[What is expected]
Keep the pictures out. Copy every line of the listing exactly.
- - - -
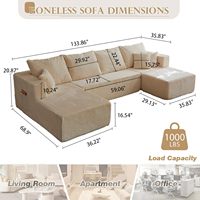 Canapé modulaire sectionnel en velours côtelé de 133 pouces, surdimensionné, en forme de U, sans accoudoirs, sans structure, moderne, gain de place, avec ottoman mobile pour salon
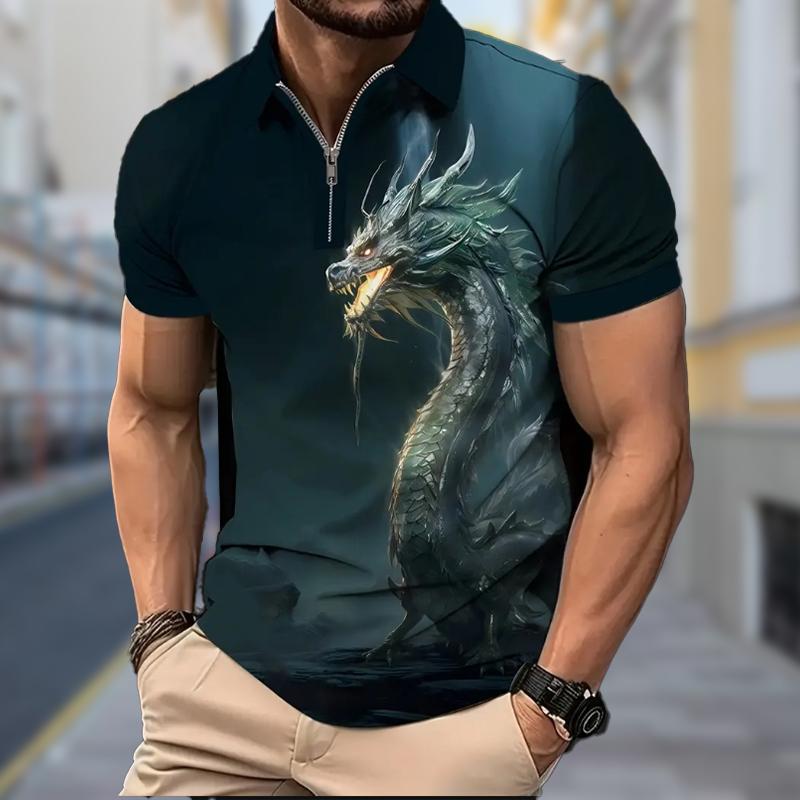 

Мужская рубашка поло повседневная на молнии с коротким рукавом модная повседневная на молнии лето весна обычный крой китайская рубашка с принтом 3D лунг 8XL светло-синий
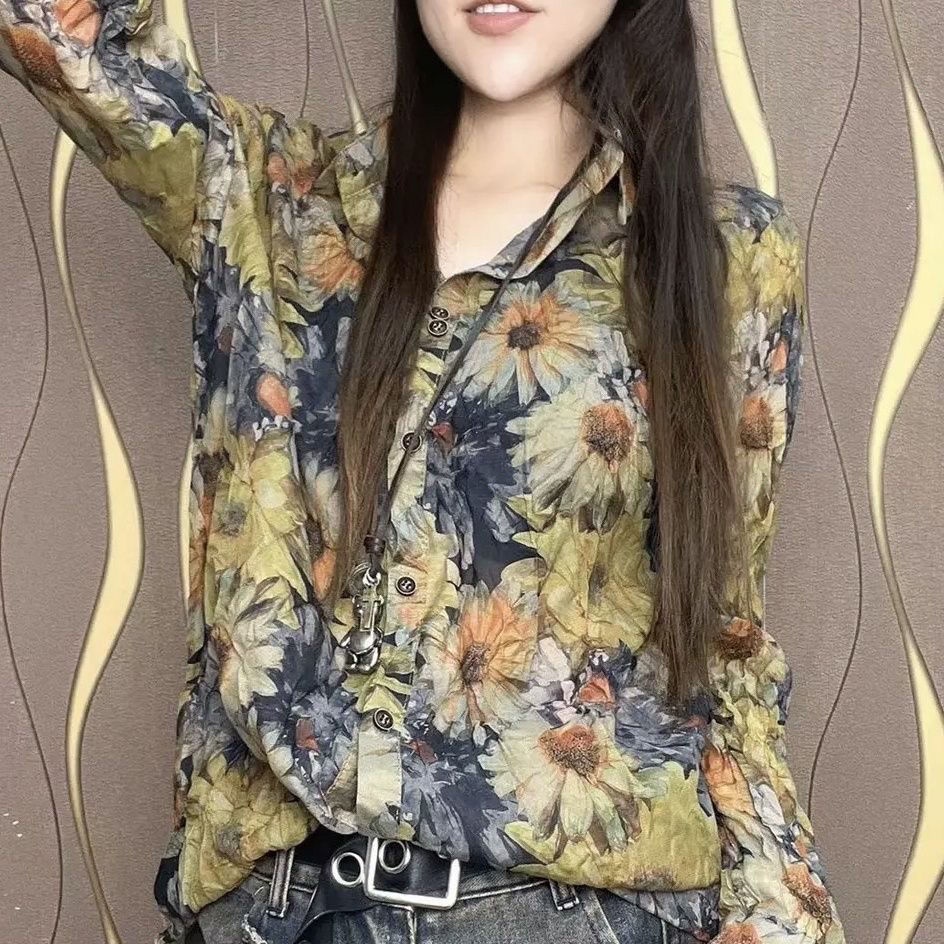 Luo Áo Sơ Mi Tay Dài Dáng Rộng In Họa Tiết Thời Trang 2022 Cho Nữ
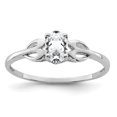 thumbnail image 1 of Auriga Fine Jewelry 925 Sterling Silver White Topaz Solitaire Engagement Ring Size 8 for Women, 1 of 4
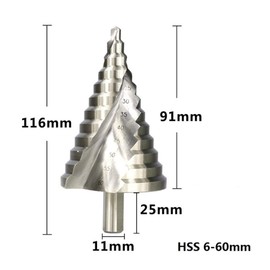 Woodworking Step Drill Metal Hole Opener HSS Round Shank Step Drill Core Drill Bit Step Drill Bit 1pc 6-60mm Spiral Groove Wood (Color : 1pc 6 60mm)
- - - -
[Solution to this exercise]
 Canapé modulaire sectionnel en velours côtelé de 133 pouces, surdimensionné, en forme de U, sans accoudoirs, sans structure, moderne, gain de place, avec ottoman mobile pour salon

Мужская рубашка поло повседневная на молнии с коротким рукавом модная повседневная на молнии лето весна обычный крой китайская рубашка с принтом 3D лунг 8XL светло-синий
 Luo Áo Sơ Mi Tay Dài Dáng Rộng In Họa Tiết Thời Trang 2022 Cho Nữ
 thumbnail image 1 of Auriga Fine Jewelry 925 Sterling Silver White Topaz Solitaire Engagement Ring Size 8 for Women, 1 of 4
 Woodworking Step Drill Metal Hole Opener HSS Round Shank Step Drill Core Drill Bit Step Drill Bit 1pc 6-60mm Spiral Groove Wood (Color : 1pc 6 60mm)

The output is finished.